When I first changed my shift at work my main concern was to be able to spend more time with my kids.  As they both started to go to school full days, my 3:30pm to midnight shift wasn't going to cut it anymore. I'd be able to see them off in the mornings but I wouldn't be home until they were fast asleep.  That means I wouldn't be able to attend any school plays, concerts, art shows, or any basketball or softball games.  That would suck.

So now I work overnights, meaning, I'm usually home between 9am and 11am.  This is when I'm supposed to sleep. SUPPOSED TO, anyway.  Mondays and Tuesdays I'm home at 11am.  By the time i take out garbage, feed the dogs, let them out and finally lay down it is noon.  Keep in mind I have an alarm set (one of five) for 2:50pm.

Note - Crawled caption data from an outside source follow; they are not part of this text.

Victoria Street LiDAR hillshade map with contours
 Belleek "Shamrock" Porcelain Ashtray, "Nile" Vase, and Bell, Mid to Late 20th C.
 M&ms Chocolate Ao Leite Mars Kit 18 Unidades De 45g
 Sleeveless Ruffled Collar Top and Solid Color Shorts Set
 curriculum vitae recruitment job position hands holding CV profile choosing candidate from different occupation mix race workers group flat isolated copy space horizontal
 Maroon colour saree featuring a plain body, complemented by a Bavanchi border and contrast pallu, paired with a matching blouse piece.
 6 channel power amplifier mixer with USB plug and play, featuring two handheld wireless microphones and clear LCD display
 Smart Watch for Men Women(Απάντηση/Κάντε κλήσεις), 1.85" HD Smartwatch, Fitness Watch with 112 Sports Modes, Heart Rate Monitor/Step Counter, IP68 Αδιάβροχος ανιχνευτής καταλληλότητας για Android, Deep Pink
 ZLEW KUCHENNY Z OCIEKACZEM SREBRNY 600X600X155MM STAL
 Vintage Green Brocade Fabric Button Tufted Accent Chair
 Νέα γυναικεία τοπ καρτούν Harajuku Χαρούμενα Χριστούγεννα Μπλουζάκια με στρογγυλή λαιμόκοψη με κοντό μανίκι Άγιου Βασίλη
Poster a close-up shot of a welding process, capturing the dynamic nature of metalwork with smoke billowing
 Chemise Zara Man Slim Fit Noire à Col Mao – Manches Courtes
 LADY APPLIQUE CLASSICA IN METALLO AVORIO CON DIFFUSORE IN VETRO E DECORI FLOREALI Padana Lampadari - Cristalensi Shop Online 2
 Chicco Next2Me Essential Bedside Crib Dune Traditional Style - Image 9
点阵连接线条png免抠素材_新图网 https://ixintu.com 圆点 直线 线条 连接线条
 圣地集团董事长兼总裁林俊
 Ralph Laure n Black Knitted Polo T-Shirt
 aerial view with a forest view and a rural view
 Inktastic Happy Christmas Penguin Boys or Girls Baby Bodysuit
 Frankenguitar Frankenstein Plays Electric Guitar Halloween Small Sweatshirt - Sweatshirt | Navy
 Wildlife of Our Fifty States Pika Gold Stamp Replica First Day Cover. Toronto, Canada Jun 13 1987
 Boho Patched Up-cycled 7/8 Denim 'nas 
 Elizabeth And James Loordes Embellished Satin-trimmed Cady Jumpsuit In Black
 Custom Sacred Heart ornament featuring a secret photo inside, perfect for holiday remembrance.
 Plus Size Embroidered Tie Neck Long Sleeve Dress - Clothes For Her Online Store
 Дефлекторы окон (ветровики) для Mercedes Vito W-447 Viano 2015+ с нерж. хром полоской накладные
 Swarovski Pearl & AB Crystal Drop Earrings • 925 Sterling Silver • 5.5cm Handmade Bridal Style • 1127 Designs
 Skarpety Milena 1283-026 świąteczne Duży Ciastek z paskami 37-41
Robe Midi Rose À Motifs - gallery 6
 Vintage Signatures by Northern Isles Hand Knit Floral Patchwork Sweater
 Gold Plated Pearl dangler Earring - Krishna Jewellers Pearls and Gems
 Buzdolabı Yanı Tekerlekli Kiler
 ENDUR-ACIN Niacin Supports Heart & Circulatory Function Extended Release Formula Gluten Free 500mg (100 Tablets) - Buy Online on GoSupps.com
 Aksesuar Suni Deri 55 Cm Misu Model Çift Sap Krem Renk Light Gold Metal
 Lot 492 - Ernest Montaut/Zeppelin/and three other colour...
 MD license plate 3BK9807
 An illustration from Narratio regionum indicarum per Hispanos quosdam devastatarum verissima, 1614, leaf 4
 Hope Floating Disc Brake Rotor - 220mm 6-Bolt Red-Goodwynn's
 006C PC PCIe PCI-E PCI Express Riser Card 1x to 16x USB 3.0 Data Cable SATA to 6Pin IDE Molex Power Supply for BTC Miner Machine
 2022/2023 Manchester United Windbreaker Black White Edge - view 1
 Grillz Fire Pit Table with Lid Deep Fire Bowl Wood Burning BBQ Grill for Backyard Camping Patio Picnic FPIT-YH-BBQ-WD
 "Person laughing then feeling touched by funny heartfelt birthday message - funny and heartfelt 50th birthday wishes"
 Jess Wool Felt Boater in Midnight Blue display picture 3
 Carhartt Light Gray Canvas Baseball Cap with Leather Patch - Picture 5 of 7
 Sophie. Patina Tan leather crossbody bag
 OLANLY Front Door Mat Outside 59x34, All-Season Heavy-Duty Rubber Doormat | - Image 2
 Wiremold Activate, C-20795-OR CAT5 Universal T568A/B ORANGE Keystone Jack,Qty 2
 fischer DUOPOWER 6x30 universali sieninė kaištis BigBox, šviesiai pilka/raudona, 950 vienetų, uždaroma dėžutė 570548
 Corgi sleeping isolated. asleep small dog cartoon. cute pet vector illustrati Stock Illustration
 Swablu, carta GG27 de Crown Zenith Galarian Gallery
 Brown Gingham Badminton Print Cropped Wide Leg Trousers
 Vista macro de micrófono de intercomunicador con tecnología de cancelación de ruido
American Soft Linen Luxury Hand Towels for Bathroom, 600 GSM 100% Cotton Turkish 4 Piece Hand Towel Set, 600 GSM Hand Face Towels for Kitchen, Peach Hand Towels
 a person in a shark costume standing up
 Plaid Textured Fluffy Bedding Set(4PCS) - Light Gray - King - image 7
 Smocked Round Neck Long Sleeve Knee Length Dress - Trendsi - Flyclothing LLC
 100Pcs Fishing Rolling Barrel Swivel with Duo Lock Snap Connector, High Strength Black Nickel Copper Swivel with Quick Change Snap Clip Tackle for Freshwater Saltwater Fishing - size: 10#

This is so I can wake up and get the kids at the bus stop.

If you've ever been to my house you have met Max, a Chihuahua/Jack Russell mix.  We got him form a local rescue group. He and his sisters were found in a dumpster in Tennessee.  You'd never know it now, he thinks he's KING.  Not just king of the house but king of the neighborhood.  He will bark at the UPS truck, the FEDEX Truck, every motorcycle, the mailman, any car with a loud stereo, anybody with the audacity to walk or jog by and GOD help us all if a dog is being walked anywhere near the King's Lair.  In Short, he barks a lot.

One day, as my eyes were finally closing, MAX starting barking.  But this was a different kind of bark, this was a more intense display of canine bravado.  What usually last about 30 seconds kept going on and on and on.  I finally had to come down stairs to see what the hell was freaking him out so much.  All I could see at first was the PSNH truck parked across the street.  "AH, Meter reader" I said to my self.  Then I noticed two planks resting off the tailgate of the PSNH truck. "What the..."  The I saw him, Buzzing down my driveway on a Segway.  No wonder Max was crapping himself.  Can you imagine what a dog must be thinking when he sees a Segway for the first time.  "What the F@#%"  "How can a man have wheels?"  "Witchcraft !!"

 It probably looked like this:
But to Max, it probably looked like this:




I didn't have any doggie Prozac so I had to take the now shivering pup up to bed with me and shut the door.  His nerves were shot for the next few days.  I don't know what's going to happen the next time the meter reader swoops on by. Max my go right through the window to get him. Which makes for a funny visual  of a guy on Segway trying to escape from a 20lb dog.  My money is on Max. But, remember, NO WAGERING.